He advertido, en efecto, que Cervantes muestra especial interés por resaltar el vínculo estrecho y constante que liga a dos necesidades tan prioritarias -y, a veces, tan gratificantes- como el yantar y el yogar, encarnada la primera de ellas en el alimento básico por excelencia: el pan (aunque luego se verá que no siempre se trata de «el pan nuestro de cada día»). Así, los indicios de lujo que mueven a don Quijote a imaginarse que se halla «en algún famoso castillo» estriban, entre otros relevantes detalles, en creer que «el abadejo eran truchas; el pan, candeal; y las rameras, damas», con lo que la susodicha vecindad -patente aquí en la mención explícita de una de las formas más crudas de contacto sexual: el sexo mercenario- queda ahora reforzada, en el plano formal, por un marcado paralelismo sintáctico que equipara la importancia de ambas necesidades primarias.

De idéntica manera, el pan está presente en otros muchos episodios cervantinos que refieren escarceos y refriegas atingentes a lances de alcoba, sin que la diversidad genérica o temática de la variada producción de Cervantes ponga limitaciones a su -como estamos viendo- penetrante alcance sicalíptico. A los citados ejemplos extraídos de El casamiento engañoso, El rufián viudo y el propio Quijote, pueden añadirse otras referencias tan sutiles como la de El coloquio de los perros, o tan evidentes como la del Persiles. Porque tal vez se trate de una mera incidencia casual el hecho de que a Berganza lo enmudezcan y sobornen con pedazos de pan, para que no descubra que la criada negra de la casa en donde lo han recogido «bajaba [...] a   —92→   refocilarse con el negro»53; pero me temo que resulta ya imposible hablar de mera coincidencia cuando se lee atentamente el relato del «bárbaro español» que aparece en los primeros lances del Persiles:

«Ella, pasado aquel primer espanto, con atentísimos ojos me estuvo mirando, y con las manos me tocaba todo el cuerpo, y de cuando en cuando, ya perdido el miedo, se reía y me abrazaba, y sacando del seno una manera de pan hecho a su modo, que no era de trigo, me lo puso en la boca, y en su lengua me habló, y a lo que después acá he sabido, en lo que decía me rogaba que comiese»54.



Si comió o no el «bárbaro» de aquel pan, díganlo «esta muchacha y este niño» que, según la generosa y complaciente «bárbara», proceden de las «muchas entradas y salidas» que ella hizo en la cueva con su pan escondido en el seno.
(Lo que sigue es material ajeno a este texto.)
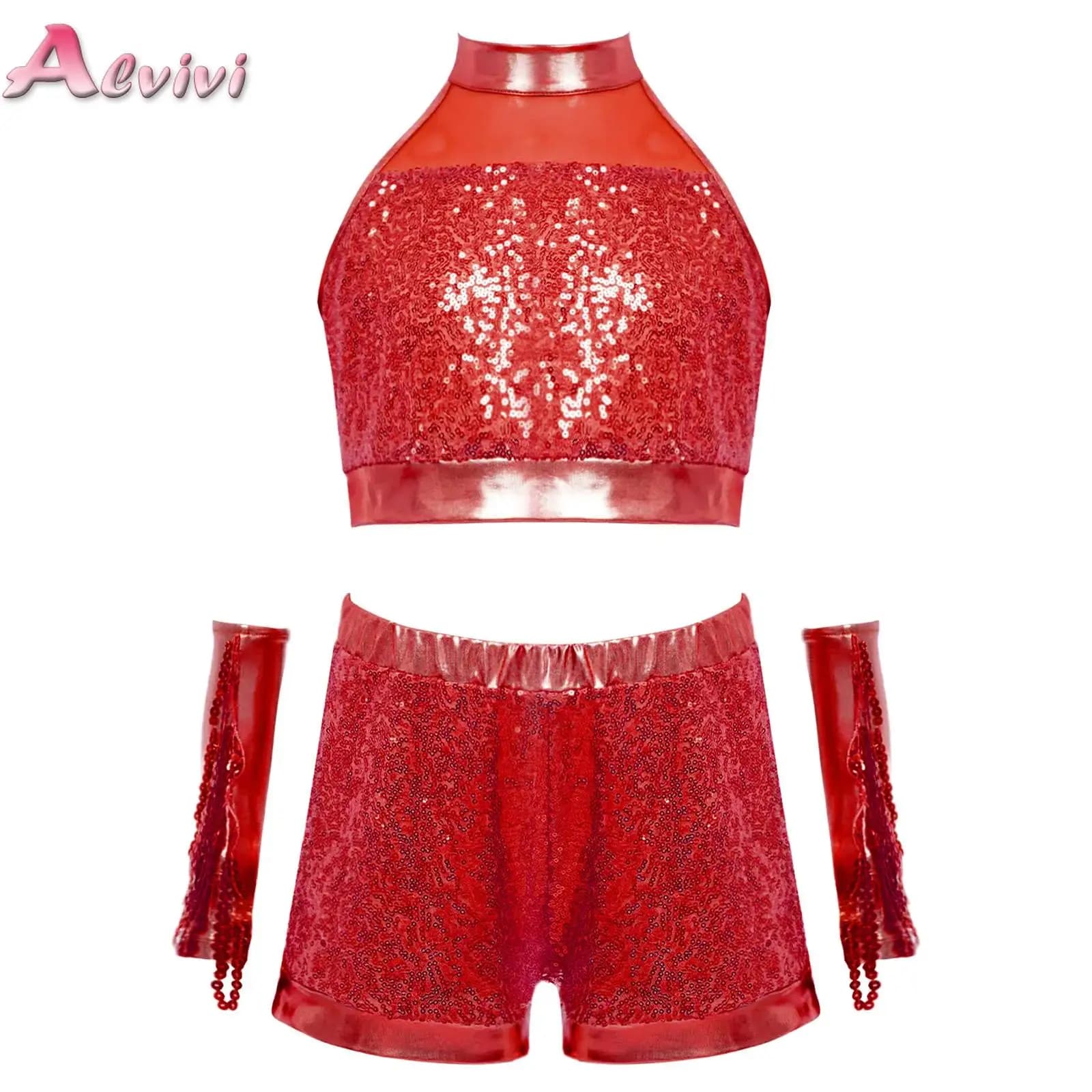 Set di vestiti per ragazze con paillettes per bambini, pattinaggio su ghiaccio, balletto, danza, costumi per spettacoli teatrali di danza jazz latina moderna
No es extraño, pues, que cada vez que aparezca en la obra cervantina alguna referencia -expresa o tácita- a las relaciones amoroso-sexuales, venga de la mano de una mención explícita del pan. Sin duda, el caso más representativo es el del disparatado y repetido «juramento mantuano», por vía del cual don Quijote, emulando los votos romancescos del marqués de Mantua, se obliga a «no comer pan a manteles, ni con su mujer folgar» hasta «tomar entera venganza» del «desaguisado» que le «fizo» quien le rompió la celada55. De nuevo nos hallamos ante una contigüidad inmediata entre las acciones de «comer» -precisamente, «pan»- y «folgar», ahora expresada en una versión libre del Romancero que reaparecerá no sólo en otros capítulos del Quijote56, sino también en un pasaje de Rinconete y Cortadillo:

«¡Qué respeto, respondió Cariharta; qué respeto... ! Que respetada me vea yo en los infiernos, si más lo fuere. ¿Con aquel   —93→   desalmado había yo de comer más pan en manteles, ni yacer en beco con hombre que en tal me ha puesto?»57.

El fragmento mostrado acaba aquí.